[Dataset records]
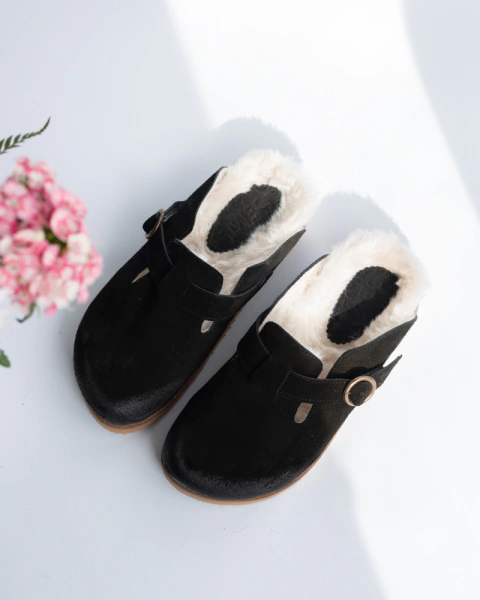 FIACA CORDERO BLANCO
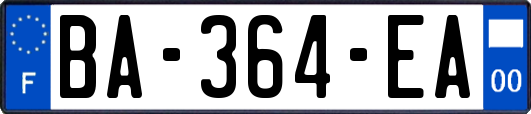 BA-364-EA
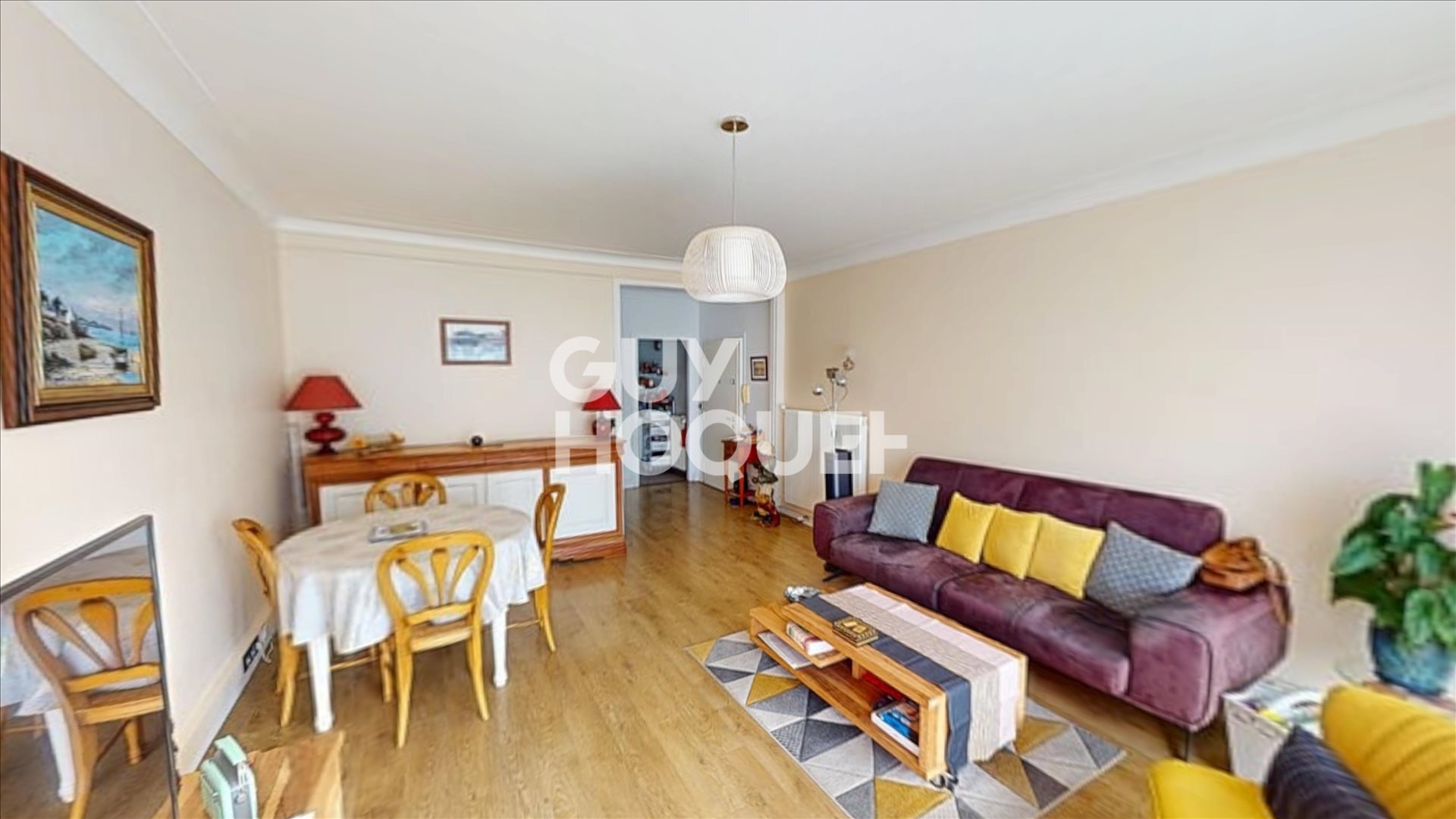 Appartement à vendre, 136m², Billère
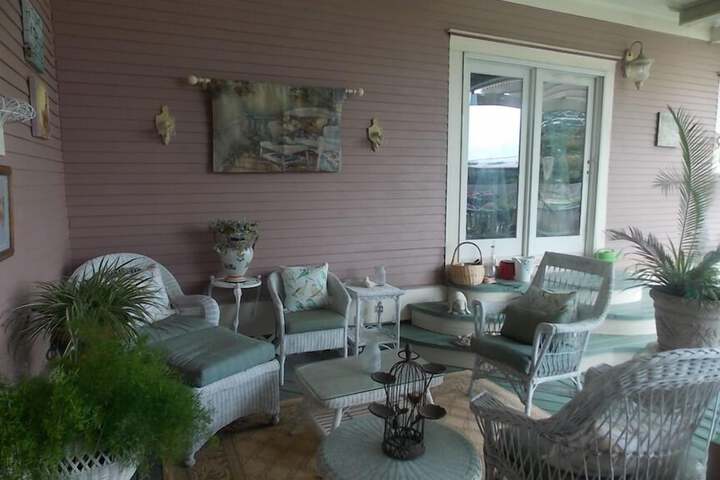Terrace/Patio 33 of 43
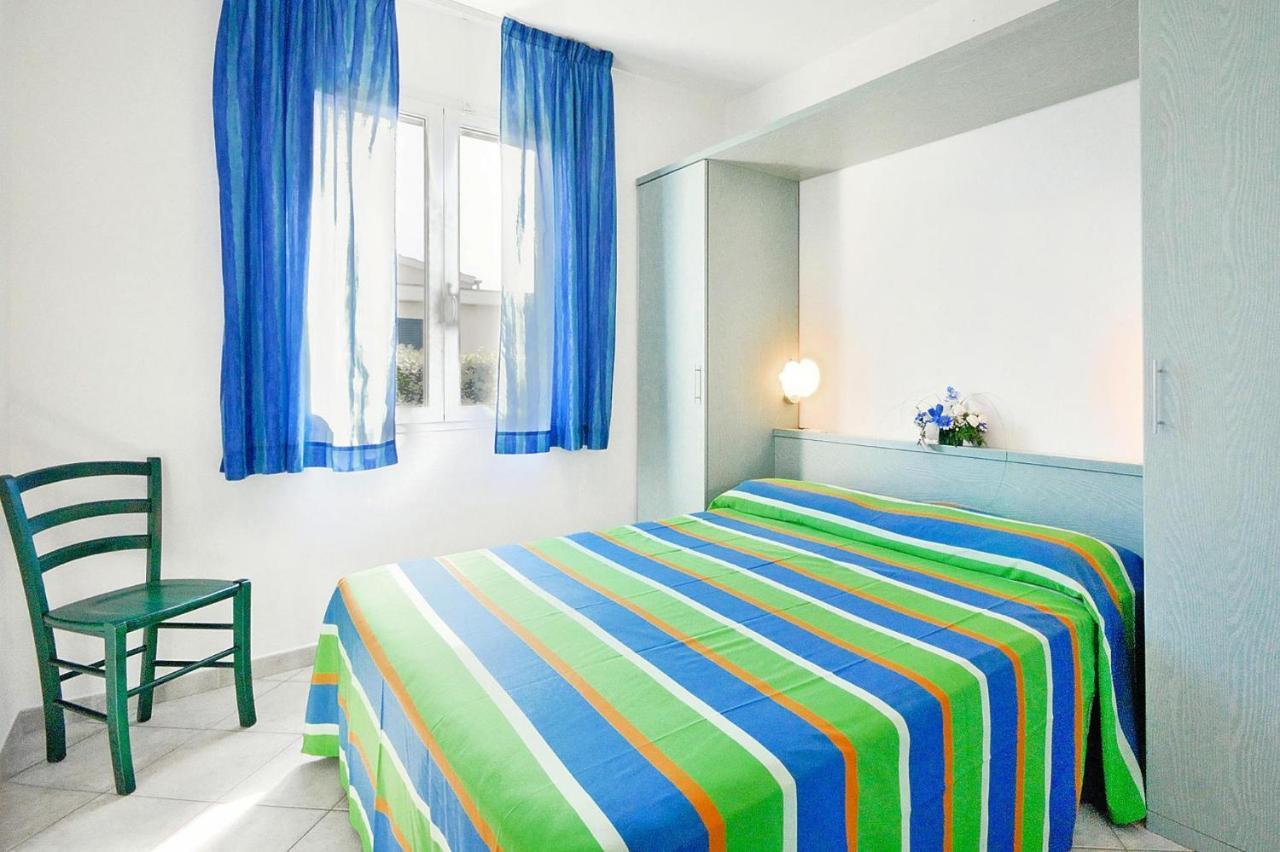 Apartment La Cecinella In Cecina Mare Marina di Cecina Exteriör bild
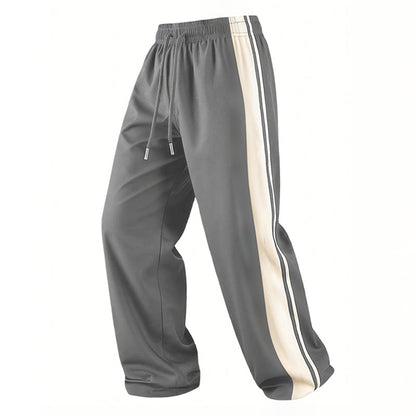 ⏳Time-Limited Special⏰Men's Loose Fit Track Trousers👖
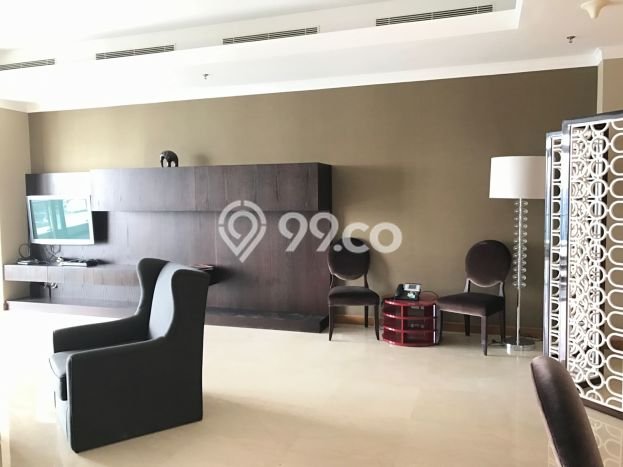 Sewa Apartemen Minimalis 225m2 Punya 3 KT, 2 KM, Lokasi di Menteng Sewa Apartemen Minimalis 225m2 Punya 3 KT, 2 KM, Lokasi di Menteng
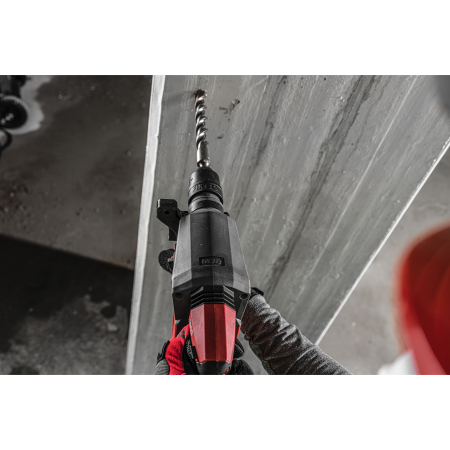 MILWAUKEE M18 FUEL™ ONE-KEY™ 4-režimové kladivo 26 mm SDS-PLUS se sklíčidlem FIXTEC™ 4933478503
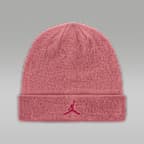 Conjunto de gorro de dos piezas para niños talla grande Jordan Essentials
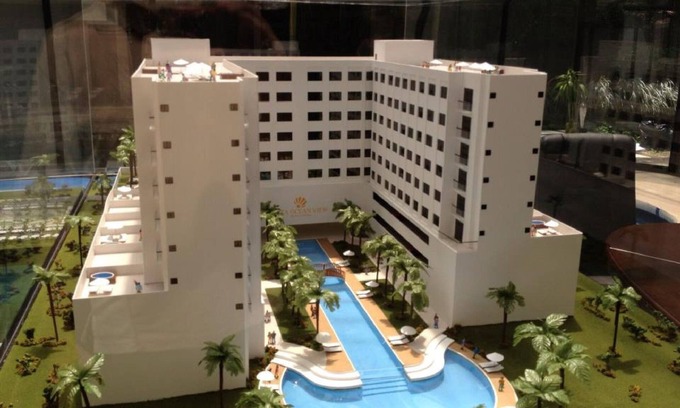 La Chumicosa Apartment | Seaside Apartment with Magnificent Views in Playa Corona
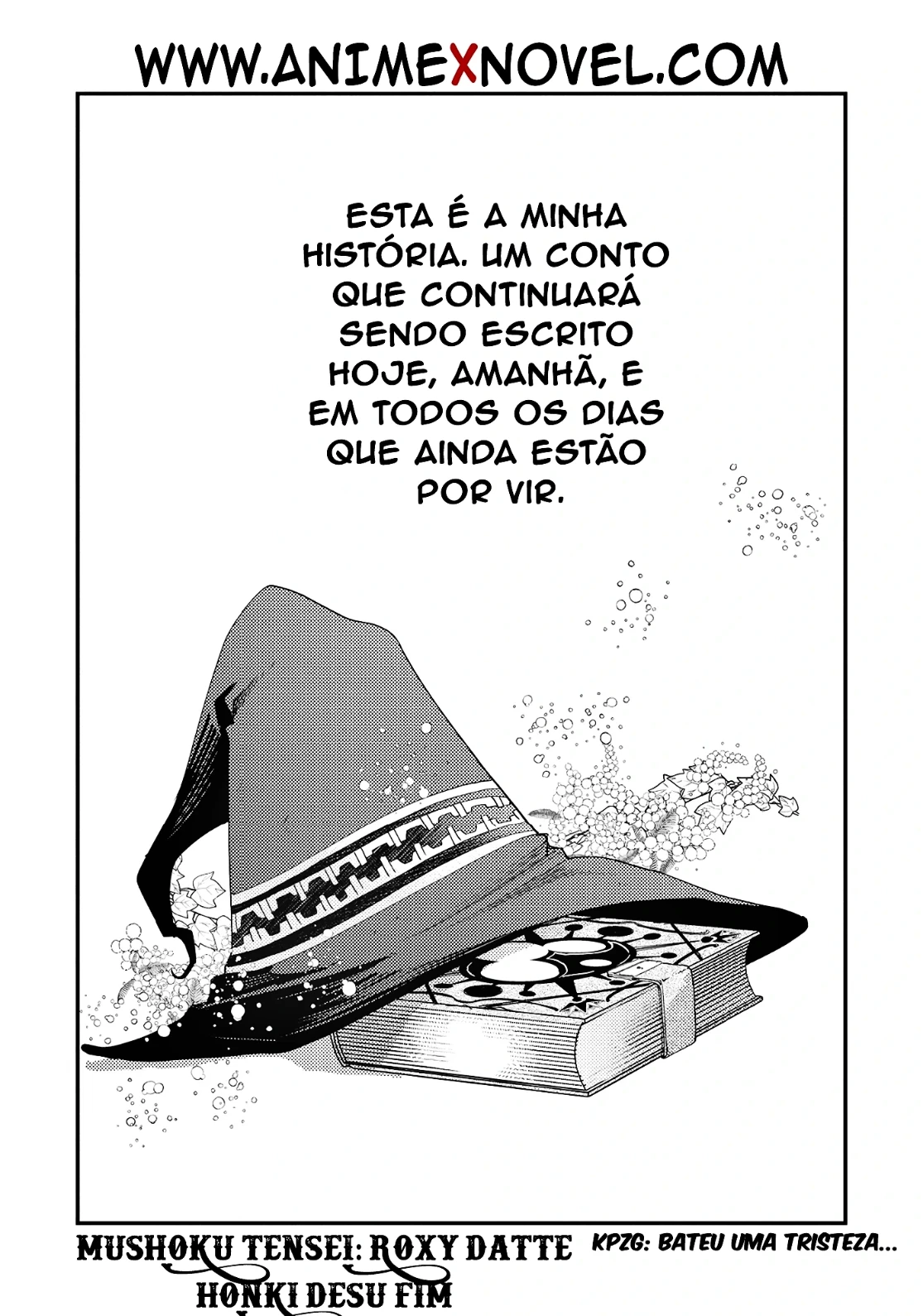 Read Mushoku Tensei Roxy Datte Honki Desu PT Manga Online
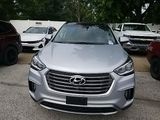 Used 2017 Hyundai Santa Fe SUV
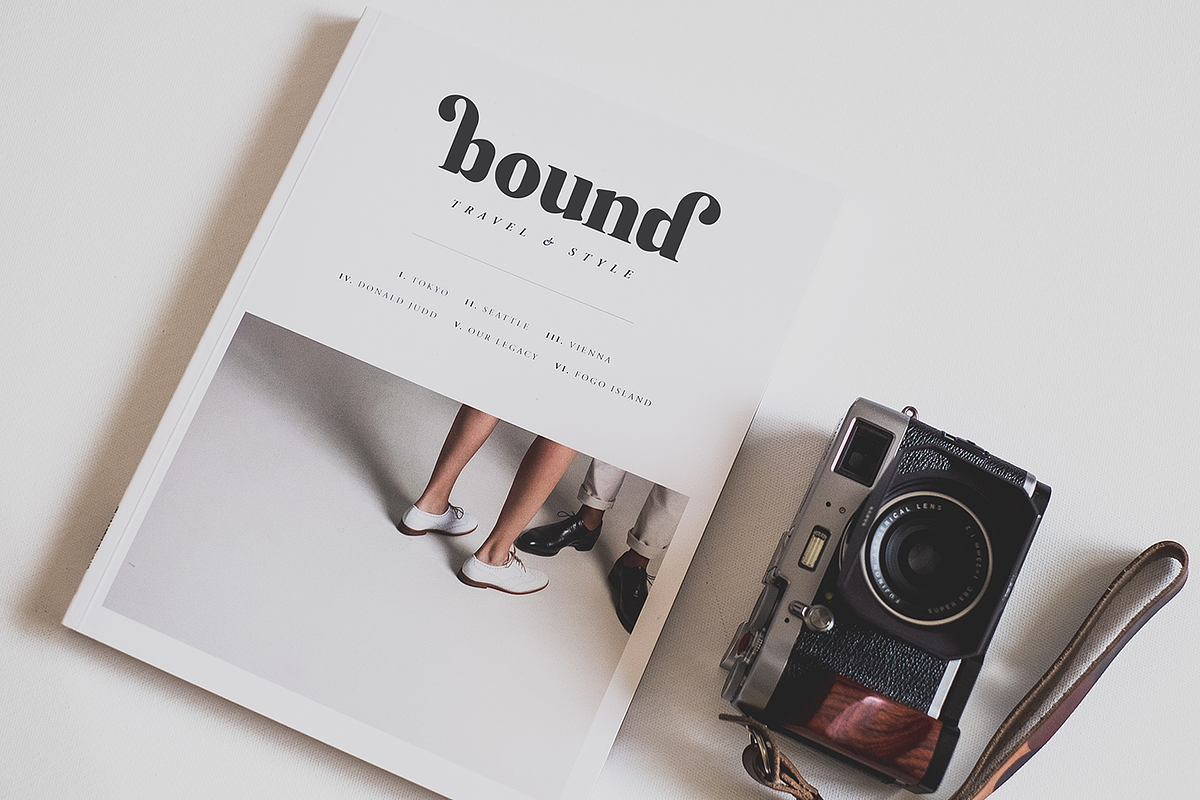 Karlout, a Serif Font by RT Studio (Photo 7 of 15)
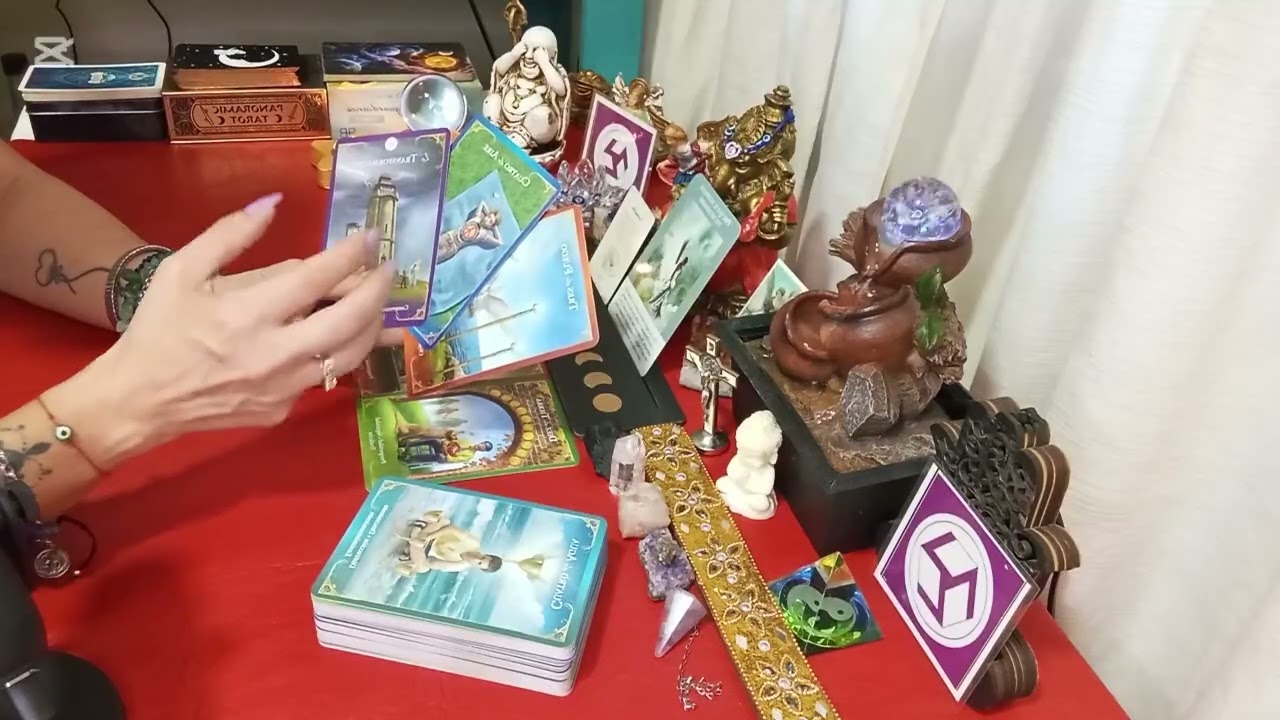 VIRGO ♍ ENTRAS EN UNA ETAPA DE EXPANSIÓN, ESTABILIDAD Y ABUNDANCIA,TE LIBERAS DE ENTORNO NEGATIVO ✨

**Assignment:** Would you give again, exactly, the lines in the data above that run from the line containing "Terrace/Patio 33 of 43" to the line containing "Fit Track Trousers👖"? Include both ends and no pictures.

**Answer section:**
Terrace/Patio 33 of 43
 Apartment La Cecinella In Cecina Mare Marina di Cecina Exteriör bild
 ⏳Time-Limited Special⏰Men's Loose Fit Track Trousers👖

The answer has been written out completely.